▶ ACTIVITY: Starting at the line with "Otkrila sam da", retype every remaining line of the records exactly. Do not include pictures.

Scraped caption text data
----

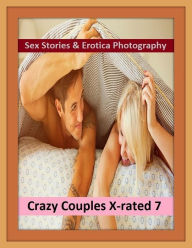 Sex Stories & Erotica Photography: Crazy Couples X-rated 7 ( Erotic Photography, Erotic Stories, Nude Photos, Naked , Adult Nudes, Breast, Domination,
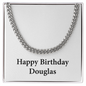 Happy Birthday Douglas - Cuban Link Chain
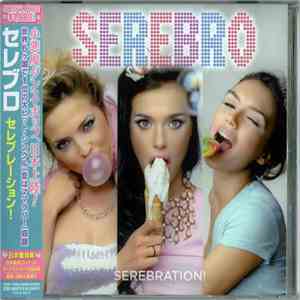 Serebro - Serebration! FLAC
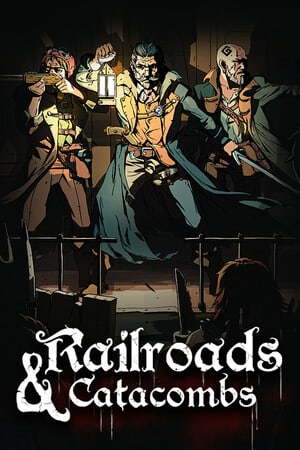 Railroads and Catacombs [Build 18784565] (2025) PC | Пиратка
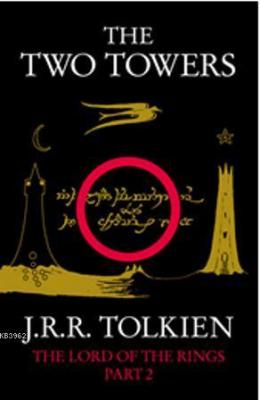 The Two Towers (The Lord of the Rings, Part 2) John Ronald Reuel Tolki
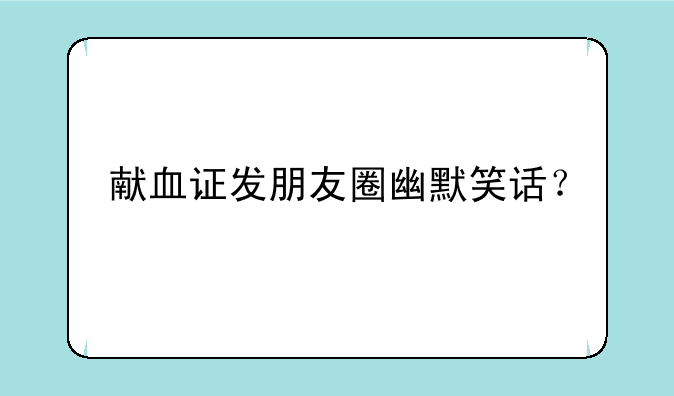献血证发朋友圈幽默笑话？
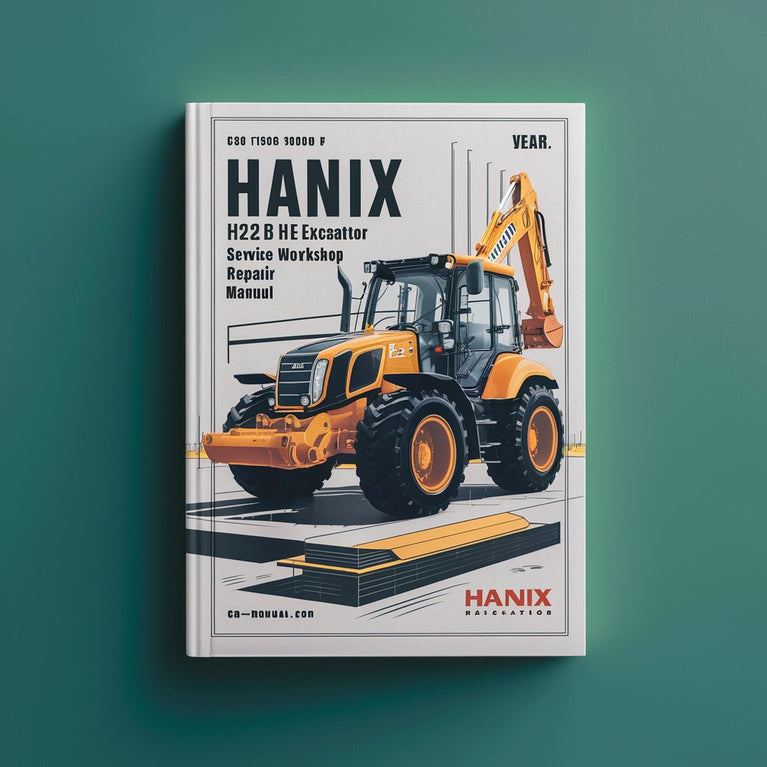 HANIX H22B H 22 B Bagger Service Werkstatt Reparaturhandbuch PDF Download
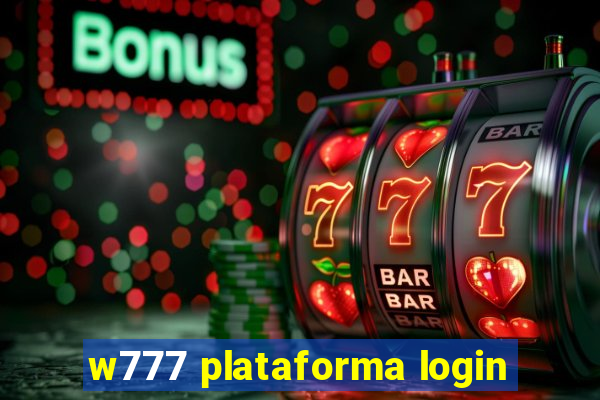 w777 plataforma login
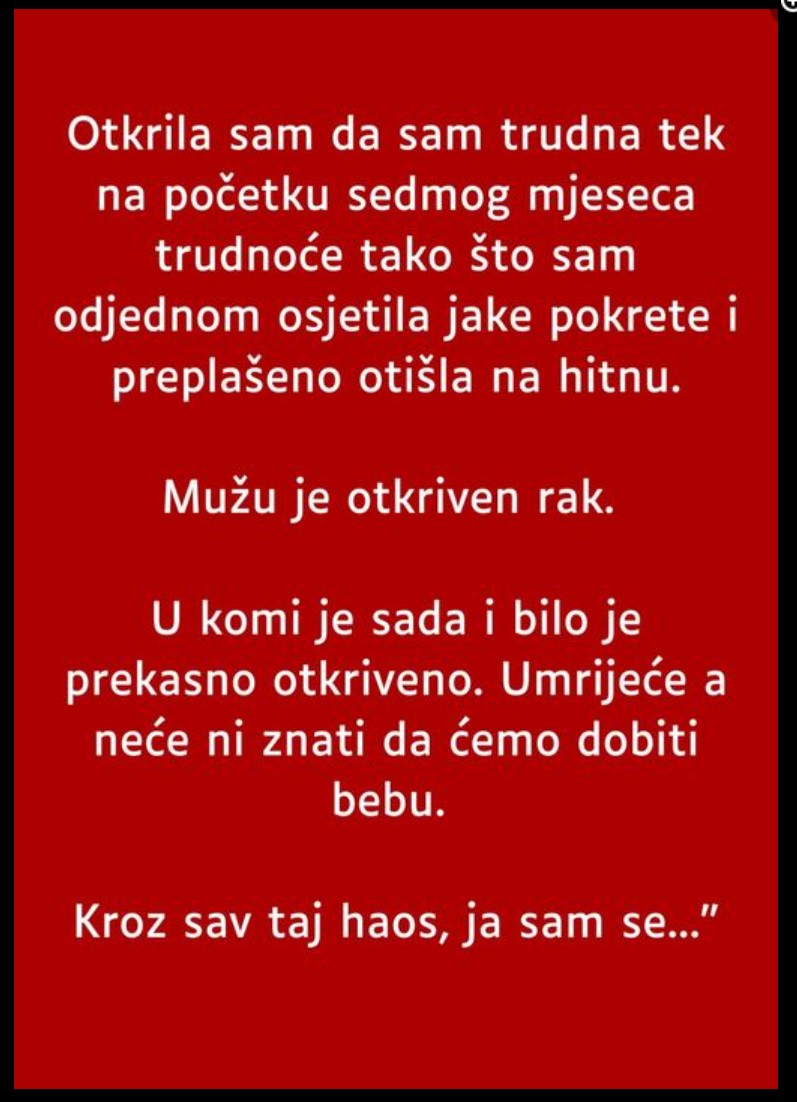 Otkrila sam da sam trudna tek na početku sedmog mjeseca trudnoće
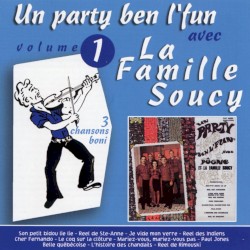 Un party ben l’fun avec La Famille Soucy Vol. 1 (Vivre)
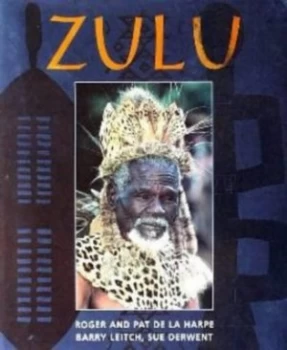 Image of Zulu by Sue Derwent and Barry Leitch and Roger De La Harpe and Pat De La Harpe Hardback
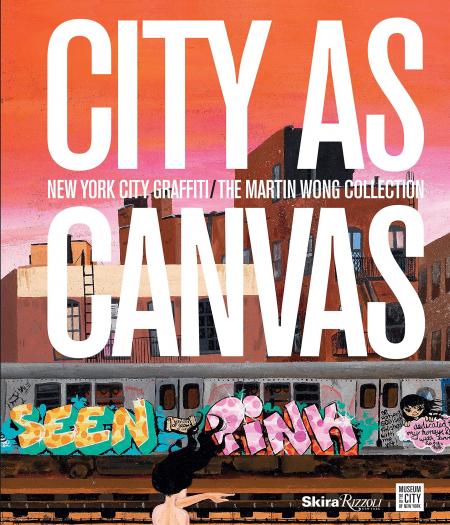 книга City as Canvas: New York City Graffiti From the Martin Wong Collection, автор: Carlo McCormick, Sean Corcoran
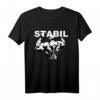 Bodybuilding Fitness Cooler Spruch Stabil T-Shirt – Motivationsshirt für Kraftsport und Fitnessfanatiker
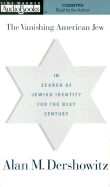 The Vanishing American Jew: In Search of Jewish Identity for the Next Century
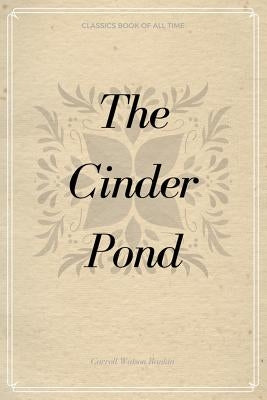 The Cinder Pond by Rankin, Carroll Watson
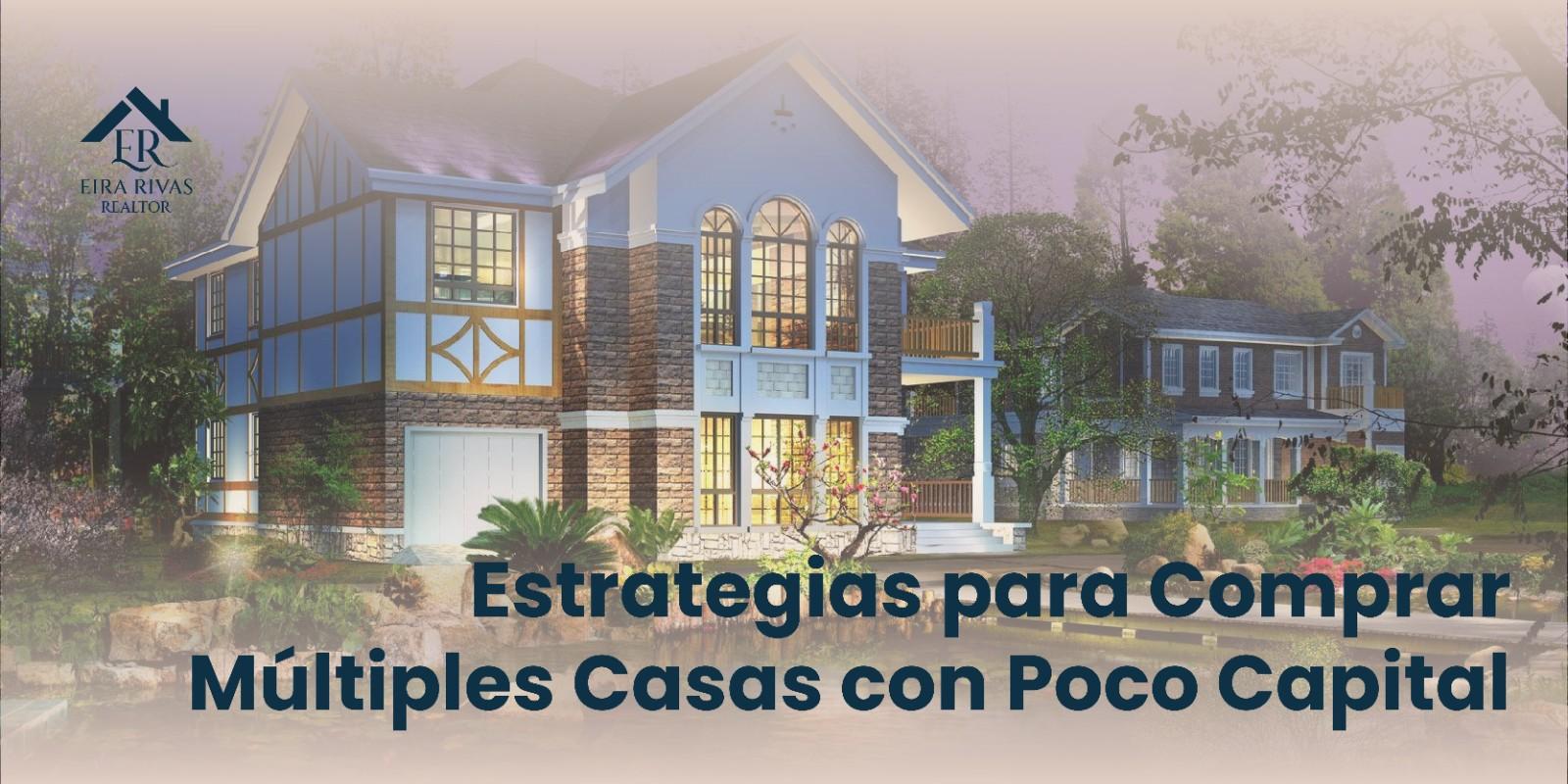 Estrategias para Comprar Múltiples Casas con Poco Capital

----

▶ RESPONSE FOR THIS EXERCISE:
 Otkrila sam da sam trudna tek na početku sedmog mjeseca trudnoće
 Un party ben l’fun avec La Famille Soucy Vol. 1 (Vivre)
 Image of Zulu by Sue Derwent and Barry Leitch and Roger De La Harpe and Pat De La Harpe Hardback
 книга City as Canvas: New York City Graffiti From the Martin Wong Collection, автор: Carlo McCormick, Sean Corcoran
 Bodybuilding Fitness Cooler Spruch Stabil T-Shirt – Motivationsshirt für Kraftsport und Fitnessfanatiker
 The Vanishing American Jew: In Search of Jewish Identity for the Next Century
 The Cinder Pond by Rankin, Carroll Watson
 Estrategias para Comprar Múltiples Casas con Poco Capital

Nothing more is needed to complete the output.